US sending highest rep to Taiwan since 1979 break in ties
The U.S. says Health and Human Services Secretary Alex Azar will visit Taiwan in coming days in the highest-level visit by an American Cabinet official since the break in formal diplomatic relations between Washington and Taipei in 1979.
The visit will likely create new frictions between the U.S. and China, which claims Taiwan as its own territory to be annexed by force if necessary. Taiwan is a key irritant in the troubled relationship between the world’s two largest economies, who are also at odds over trade, technology, the South China Sea and China’s response to the coronavirus pandemic.
The U.S. maintains only unofficial ties with Taiwan in deference to Beijing, but is the island’s most important ally and provider of defense equipment.
The American Institute in Taiwan, which operates as Washington’s de facto embassy on the island, said Wednesday that Azar’s "historic visit will strengthen the U.S.-Taiwan partnership and enhance U.S-Taiwan cooperation to combat the global COVID-19 pandemic."
Azar would be the first HHS secretary to visit Taiwan and the first Cabinet member to visit in six years.
"Taiwan has been a model of transparency and cooperation in global health during the COVID-19 pandemic and long before it," Azar said in the AIT statement. "This trip represents an opportunity to strengthen our economic and public health cooperation with Taiwan, especially as the United States and other countries work to strengthen and diversify our sources for crucial medical products."
Azar’s visit was facilitated by the 2018 passage of the Taiwan Travel Act that encouraged sending higher-level officials to Taiwan after decades during which such contacts were rare and freighted with safeguards to avoid roiling ties with Beijing.
China objects to all official contact between Taiwan and the U.S. But its increasing diplomatic pressure, including poaching away several of its remaining diplomatic allies and excluding it from international gatherings including the World Health Assembly, are seen as increasingly already considerable bipartisan sympathy for Taipei and prompting new measures to strengthen governmental and military ties.

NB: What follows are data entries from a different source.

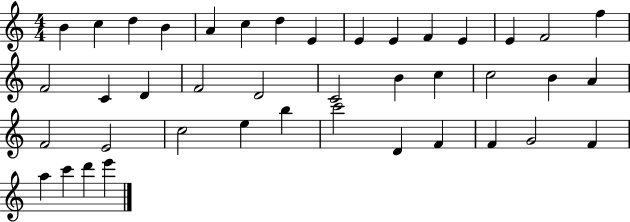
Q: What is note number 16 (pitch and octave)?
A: F4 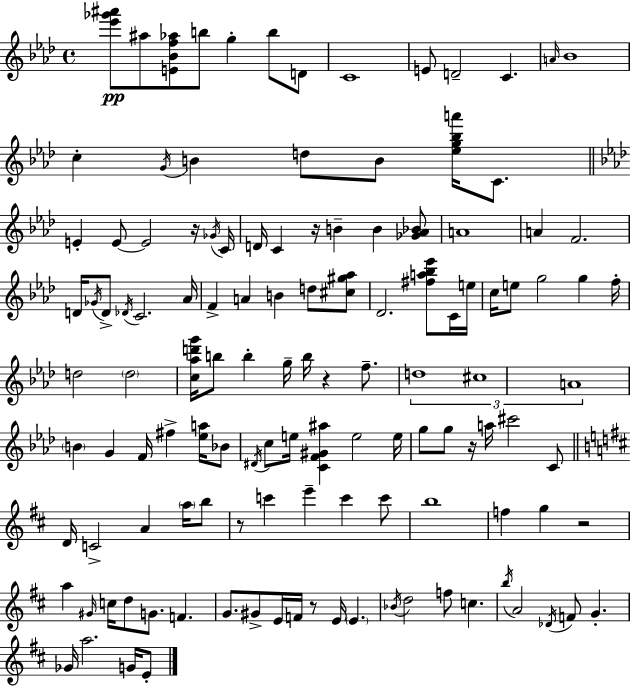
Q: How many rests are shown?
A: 7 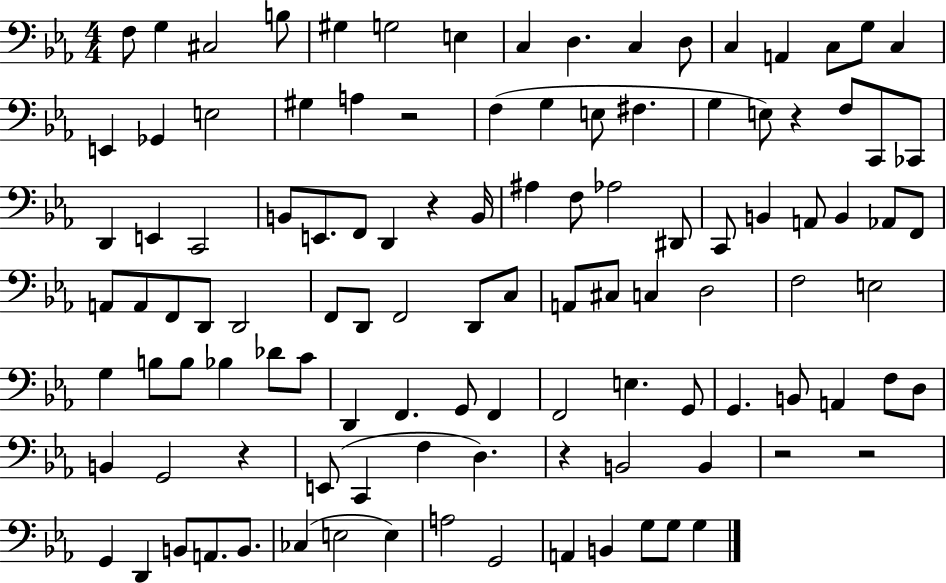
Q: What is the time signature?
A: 4/4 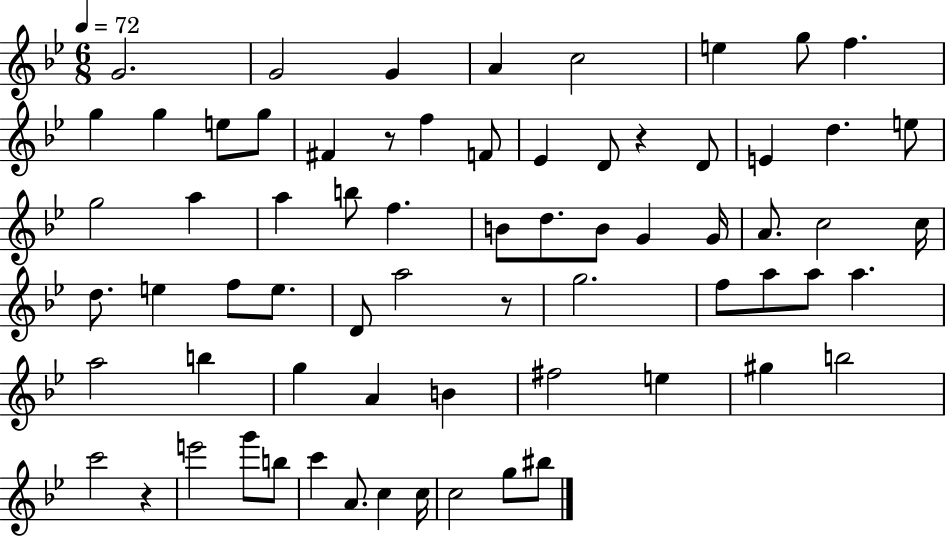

Taiwan’s strong performance in handling its COVID-19 outbreak has also won it plaudits while highlighting its exclusion from the World Health Organization and other U.N. bodies.
"In contrast to authoritarian systems, U.S. and Taiwan societies and economies are uniquely equipped to drive global progress in areas such as medicine and science to help the world tackle emerging threats. The COVID-19 pandemic is the most recent example of joint U.S.-Taiwan efforts to confront global challenges for the good of the world," AIT said.
It said Azar will meet with senior Taiwan counterparts, COVID-19 experts and other Taiwan partners to discuss the disease, global health and Taiwan’s role as a supplier of medical equipment and technology.
Details on timing of the visit would be announced later, it said.